WOMADelaide, wo, so mad.

“So, be careful and pronounce your pronouns carefully,” he said. I knew he was deeply serious about this issue and was disturbed by this new movement that had government support to carry it to all levels of education including primary schools.

“The world has gone topsy-turvy,” I surmised. “Why should we care what people say anyway, right?” I asked.

If the person has a womb but wants to call herself a man and demands that we use ‘he’, ‘him’ and ‘himself’ when talking about her, then why argue with the woman? Just go with the flow. But, the old man would not have that. “It’s English and it’s biology!” he protested. Many are now so afraid of being accused of misgendering a person that they are using ‘them’, ‘they’ ‘it’ to address a single person.

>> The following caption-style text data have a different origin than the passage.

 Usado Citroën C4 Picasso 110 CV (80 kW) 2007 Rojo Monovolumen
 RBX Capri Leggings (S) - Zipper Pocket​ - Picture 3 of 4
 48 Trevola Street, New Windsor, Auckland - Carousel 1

“Being gender neutral isn’t being neutral,” he said.

I kept silent hoping the dark cloud above him would blow away. But, he kept ranting but I refused to become my truculent self that moment.

“You’ve already taken the side of the ridiculous when you use ‘he’ on a person born with a vagina and uterus.”

I fidgeted and switched my weight to my left bum instead. Sipping the last drop of coffee from my cup, I suggested it was all a waste of energy to discuss something of no importance.

“Who cares?” I asked. If they want to be called whatever, leave them to it.

“So, if the dickhead has a dick, why should we call him ‘she’ just because he says so?” the old man persisted, behaving like a mad dog biting on a bone and would not let go. His arms akimbo, he appeared ready for a long debate.

“And then, there are those who claim to be ‘non-binary’. What’s non-binary? I had to ask Google,” he raged.

I gnashed a reluctant smile but had to agree with him on this one. How can a person be neither male or female? So mixed-up that they feel they have mixed genders or no gender at all, and then there are those so obese that they lack a neck to speak of, yet if described as fat, they would be quick to be offended.

“Never mind, a rotting piece of wood cannot be carved,” I said, hoping he would be pacified.

“Would you like tea or coffee?” he absent-mindedly asked.

Nothing is more hostile to a firm grasp of knowledge than self-deception.